Thursday, May 22, 2014

Stop Saying "Socially Constructed": "The Social Construction Of Grades" Edition

link

Here's the simple rule:

Never, ever use the term 'socially constructed' or its cognates.

It's a phrase that's worse than meaningless. It typically decreases the clarity of what you are saying--and thinking. If you have a thought at all, then it can be expressed much more clearly in different, clearer language. And sometimes the attempt to say what you actually mean will reveal to you that weren't sure what you meant, or that you had no real thought at all...

The article on the other end of the link is a frivolous thing. There's no reason to get cranky about it...  Behold, a summary:

Grades. Amirite?

Or, less snarkily:

Students want high grades even when their work isn't good.

And that's true. I'm not sure why we need another post on this...but, hell, I guess you can see this sort of thing as part of a discussion, and the same thing can be discussed many times. So it's all good.

Thing is, "social construction" has absolutely nothing to do with anything in the paper.

This is, actually, one of the common uses of 'socially constructed'--it's a kind of verbal tic. It doesn't mean anything, people just throw it into their writing. It's almost a stylistic element or somesuch.

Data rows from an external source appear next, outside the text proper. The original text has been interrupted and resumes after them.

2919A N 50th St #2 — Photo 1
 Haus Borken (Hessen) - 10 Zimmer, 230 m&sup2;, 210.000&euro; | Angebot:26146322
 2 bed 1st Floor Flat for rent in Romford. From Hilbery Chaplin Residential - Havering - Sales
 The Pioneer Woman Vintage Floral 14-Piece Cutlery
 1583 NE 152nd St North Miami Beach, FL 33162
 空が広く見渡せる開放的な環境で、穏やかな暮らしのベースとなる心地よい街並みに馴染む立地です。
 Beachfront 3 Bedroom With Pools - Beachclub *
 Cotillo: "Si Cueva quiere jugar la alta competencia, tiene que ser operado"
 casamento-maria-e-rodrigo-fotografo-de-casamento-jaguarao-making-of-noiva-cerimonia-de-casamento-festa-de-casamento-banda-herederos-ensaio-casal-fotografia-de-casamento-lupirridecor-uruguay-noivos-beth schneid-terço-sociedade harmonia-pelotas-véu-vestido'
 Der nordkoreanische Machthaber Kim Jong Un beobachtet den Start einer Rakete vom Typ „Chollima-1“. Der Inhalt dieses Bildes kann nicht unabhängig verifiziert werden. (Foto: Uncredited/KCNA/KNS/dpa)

Though the title of this piece is "The Social Construction of Grades," the only reference to "social construction" comes here:
I can't be that off the mark. But apparently, average work on my watch is another educator's version of excellent work. And the subjectivity is confusing to the students (and sometimes to their parents). 
The real issue for me around grades is that students have no other intrinsic motivation that some socially constructed meaningless label assigned at the end of the semester.
And 'socially constructed' can be dropped out with basically no loss of meaning:
I can't be that off the mark. But apparently, average work on my watch is another educator's version of excellent work. And the subjectivity is confusing to the students (and sometimes to their parents). 
The real issue for me around grades is that students have no other intrinsic motivation that some meaningless label assigned at the end of the semester.
OTOH, the author seems to mean that standards for grades are somewhat (note: somewhat) vague and variable. That's true, but has nothing to do with anything that can accurately be described by the words 'socially constructed.' If you mean that standards for grades are vague and variable, then say that they are vague and variable. If you mean that they are largely arbitrary, then say that they are largely arbitrary. In short, whatever you mean, say it. But none of the actual ideas you might want to express will be expressed by phrases like 'grades are socially constructed.'

Look, it's not a federal case, but it's really frustrating to see this kind of mind virus floating around. This silly phrase is always either (a) eliminable without loss of content or (b) a positive source of confusion.  So there's never any good reason to use the ridiculous phrase.

2 Comments:

Anonymous Anonymous said...

Look, I think that you're missing the point here. Social construction exists, and if you're unclear on the definition don't just write it off. When someone tells me grades are socially constructed, I understand what they mean. It's not just black and white like you try to make it. Grades are both vague and largely arbitrary, but that doesn't describe the process of how we, as a society, created the notion of "grades." It's neutral. It's not supposed to be 'good' or 'bad', it just is.

7:45 AM  
Blogger Winston Smith said...

That just isn't right, A.

If you mean that grades are (completely?) arbitrary, then say so. They *aren't*...or anyway, it's academic fraud if they are *completely* arbitrary...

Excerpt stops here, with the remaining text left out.